• _Extracted records_
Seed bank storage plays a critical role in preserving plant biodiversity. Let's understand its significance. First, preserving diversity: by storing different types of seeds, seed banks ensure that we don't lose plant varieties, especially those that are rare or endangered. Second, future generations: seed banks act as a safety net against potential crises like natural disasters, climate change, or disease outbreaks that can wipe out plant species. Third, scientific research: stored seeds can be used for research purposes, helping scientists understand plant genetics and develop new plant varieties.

---

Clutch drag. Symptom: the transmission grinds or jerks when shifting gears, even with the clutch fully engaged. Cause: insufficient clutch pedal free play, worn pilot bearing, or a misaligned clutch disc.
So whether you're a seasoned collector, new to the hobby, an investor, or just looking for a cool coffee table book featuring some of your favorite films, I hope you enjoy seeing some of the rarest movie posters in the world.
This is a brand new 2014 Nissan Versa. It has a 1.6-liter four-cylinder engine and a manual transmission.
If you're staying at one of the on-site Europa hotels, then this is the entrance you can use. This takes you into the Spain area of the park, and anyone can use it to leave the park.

• _Goal of the exercise_
For the string "This", show each line of the listing where it appears.

• _Task output_
This is a brand new 2014 Nissan Versa. It has a 1.6-liter four-cylinder engine and a manual transmission.
If you're staying at one of the on-site Europa hotels, then this is the entrance you can use. This takes you into the Spain area of the park, and anyone can use it to leave the park.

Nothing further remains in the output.